ブブ:そうそう、その時代に学生生活を送りました。カルマは私たちが4回生の時に「ダムタイプ」と名前を変えました。そこへアートスペース無門館(後のアトリエ劇研)のプロデューサーの遠藤寿美子さんが観に来てはったんです。「なんか京芸に面白いことやってる子らがおる」って。すぐに「あんたらこんなとこでやってんと、うちでやり」っておっしゃって、無門館を練習や公演に使わせていただくようになりました。

 

-その『羽衣病棟』で自分たちのオリジナルを作ろうとなった時、世界的にも面白い人がたくさんいる中で、じゃあここは絶対自分たちのオリジナルだって感じてたところはどのポイントですか?

 

ブブ:世界のことはまだ意識してなかったかなあ。自分たちがとにかくやりたいことをやろうみたいな。カルマは演出とか脚本といった担当が固定していなくて、それはその後のダムタイプのやり方にも受け継がれたのだと思います。そろそろ新作作ろかーってなって、脚本のアイディアがある人、演出のアイディアがある人、舞台美術のアイディアがある人、それぞれがアイディアを持ち寄るっていう感じですね。だから1回生でもアイディアが言えて、それが良ければ実現するというか。

 

-すごいオープンですね。

 

ブブ:学年とか関係なくガチでアイディア勝負というかね。どれだけ魅力的なアイディアをプレゼンしてみんなに「お、ええな」って思わせるか。それをどうやって具体化するか、どうお客に届くかみたいな事の勝負っていうのが最初から意識されていたかなあ。

 

-形はもうすでにあったんですね。

 

ブブ:そうそうそう。例えば私が初めて演出させてもらった時のミーティングでは「(映画の)『去年マリエンバードで』を観てください」って、それだけとか(笑)。悌二は坂本龍一さんが『戦場のメリークリスマス』を出した時にそれをカセットテープに入れて持って来てみんなに聞かせたり。それを初めて聴いた時の鮮烈な印象は今も覚えています。あと、舞台上に8mmフィルムの映像をプロジェクションしてみたりとか。

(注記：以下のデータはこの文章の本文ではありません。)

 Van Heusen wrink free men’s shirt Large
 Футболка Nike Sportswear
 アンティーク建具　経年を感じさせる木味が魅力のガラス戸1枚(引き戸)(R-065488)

そうこうしているうちに、みんながなんとなく演劇という形式では自分たちのやりたいことをやるには限界があるんじゃないか気づき始めて「なんでセリフを言わなあかんのか」とか「ストーリーを説明するのはなんか違う」とか「演じるってどういうこと」とか基本的な疑問を持ち始めたんです。太田省吾さんが『小町風伝』という作品で全くセリフがないのをやりはった時に、「あ、やっぱりセリフってなくていいんや」みたいな事とか、素直に気づいていくみたいな。そこにロバート・ウィルソンやピナ・バウシュを観たりして「あ、私がやりたいのは演劇じゃないのかも」とか。パフォーマンスという言葉も知らなかったかもしれない。当時まだ一般的な概念じゃなかったかもしれない。

 

-演劇部でありながら、演劇を疑っていたんですね。

 

ブブ:演劇だけでなく、芸大の「美術」「工芸」「デザイン」という学科の分けられ方とか、写真やビデオやテキストはまだ「芸術ではない」という当時の大学の価値観に対する疑問はありました。私個人の経験としては、大学での初舞台は『羽衣病棟』、その次は『黄金遁走曲』。スパイが上海を舞台に繰り広げるピカレスクロマンで、私はキャバレーの踊り子の役でした。初めて網タイツをはいてドキドキ、みたいな(笑)。その次が『玉姫殿菊の間への道』。私はレズビアンのタチ役でした。セクシュアリティをテーマにした壮大なストーリーでしたね、今から思えば。

 

-時代で言えば何年くらいになるんでしょうか?

 

ブブ:1981年に入学、「カルマ」が「ダムタイプ」になったのが1984年です。その頃に私はある人と生まれて初めての恋愛に落ちたのですが、その相手が「カルマ」にすごく嫉妬したので、なんと私は「カルマ」をやめてしまったんです。その人とは大学卒業してすぐ結婚しました。で、非常勤で高校の美術教師をやりながら貞淑な妻としての日々を過ごしていたのですが、その頃「ダムタイプ」はアーティストとしての活動の場をどんどん広げていきました。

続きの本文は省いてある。